The solver tries 50 random colorings and keeps the best; on this graph the true maximum cut is 5 (the single uncut edge can only be one of a triangle's three mutually-adjacent edges), and 50 tries comfortably find it. The second line confirms the Phase-3 guarantee: the result is at least $\lvert E\rvert/2 = 3$. The build constructs what the probabilistic method promised.

⚠️ Common Pitfall: "expected $\lvert E\rvert/2$" does not mean "always $\lvert E\rvert/2$." A single random coloring can do worse than half (or much better) — the guarantee is about the average and about existence, not about any one run. That is exactly why the solver tries many colorings and keeps the best: it converts "good on average / some good one exists" into "found a good one." Confusing the expectation with a per-run certainty is the same category of error as reading $E[X] = 3.5$ as a prediction for one die roll (§20.4).

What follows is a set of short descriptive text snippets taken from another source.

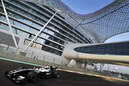 GP Abu Dhabi 2009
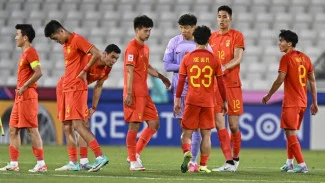 China Disebut Resmi Mundur dari FIFA ASEAN Cup 2026, FIFA Langsung Cari Penggantinya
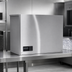 Thumbnail image #4 for Scotsman Prodigy ELITE MC0630SR-32 Small Cube Modular Cube Ice Machine, Remote Air-Cooled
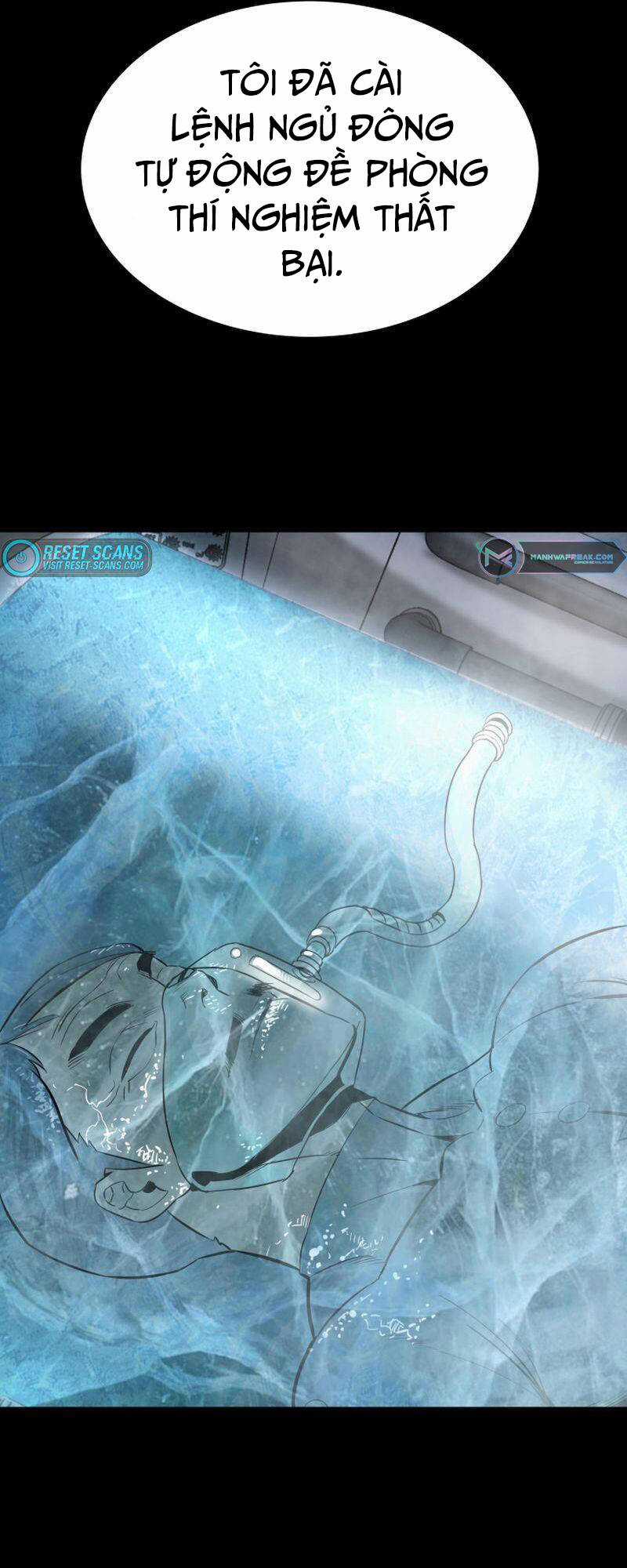 Ta Trở Về Từ ĐịA NgụC Chapter 66 trang 63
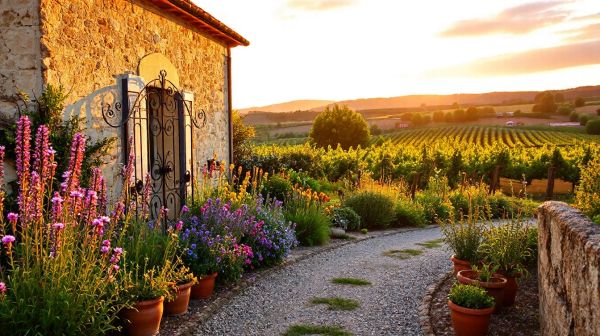 Top 5 destinations pour un week-end romantique à deux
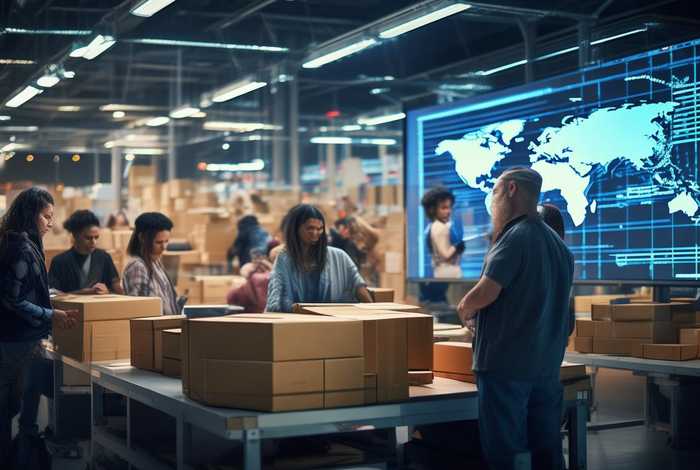 跨境电商改变生活（随着跨境电商的发展,我们的生活发生了什么变化）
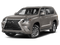 2022 Lexus GX 460 Luxury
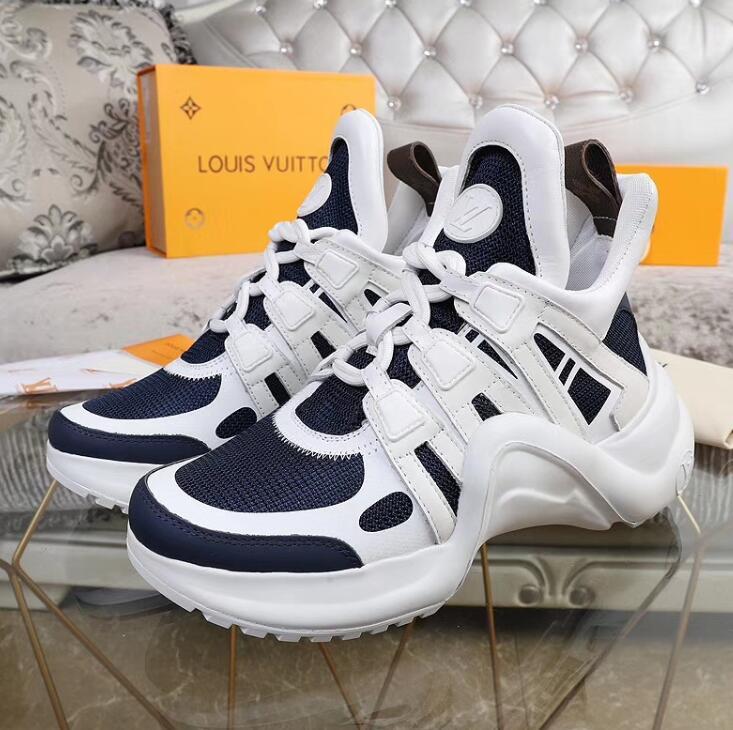 Ava’s Mode - LOV Men Shoes - 1999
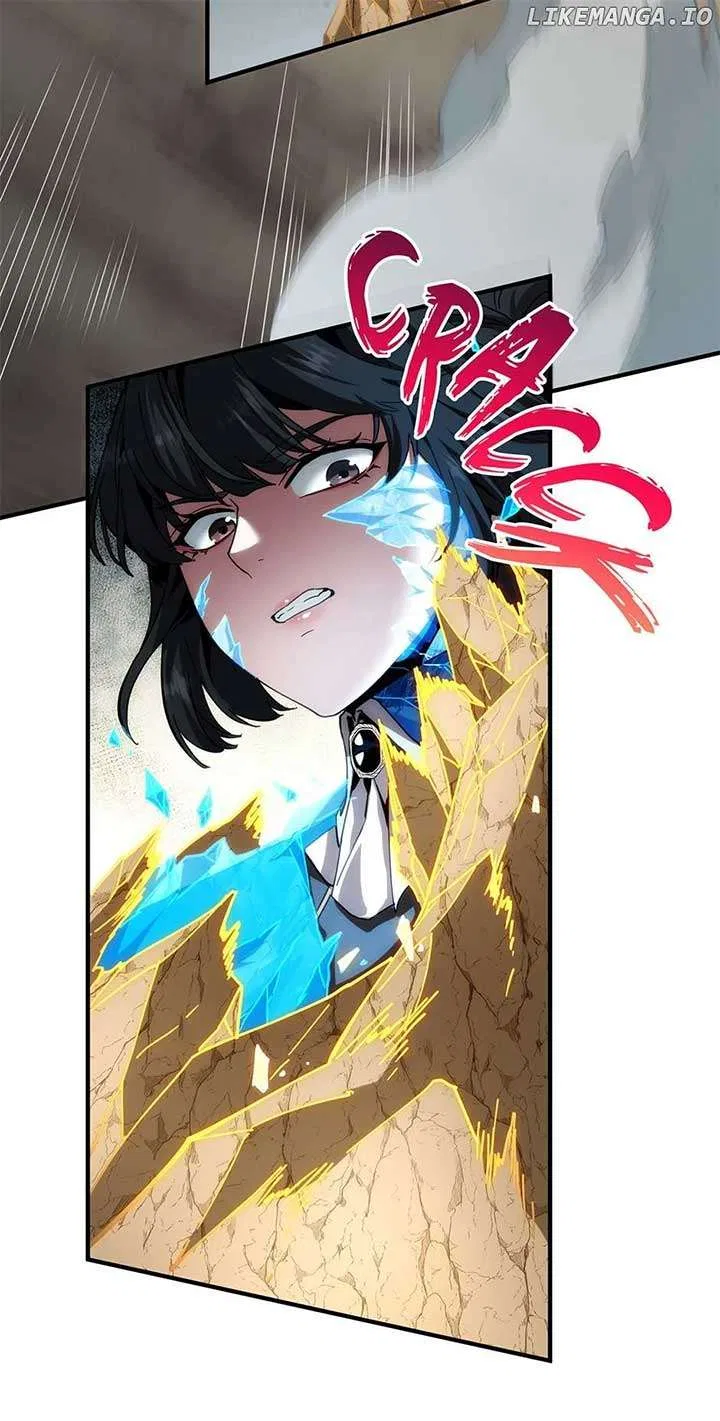 The Beginning After The End Chapter 221 – Page 20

Phase 5: Confirm the expectation empirically

We proved $E[X] = \lvert E\rvert/2$. Now check it — theme four — by measuring the average cut size over many random colorings with the Toolkit's simulate/expected_value machinery (Project Checkpoint). The average of single-run cut sizes should converge to $\lvert E\rvert/2 = 3$.

import random
from itertools import product
from dmtoolkit.probability import expected_value

# Exact: average cut over ALL 2^5 = 32 colorings, using expected_value.
space = list(product([0, 1], repeat=5))                  # every coloring of 5 vertices
E = [(0, 1), (0, 2), (1, 2), (1, 3), (2, 3), (3, 4)]
cut_of = lambda c: sum(1 for u, v in E if c[u] != c[v])
print(expected_value(cut_of, space))                     # exact E[X]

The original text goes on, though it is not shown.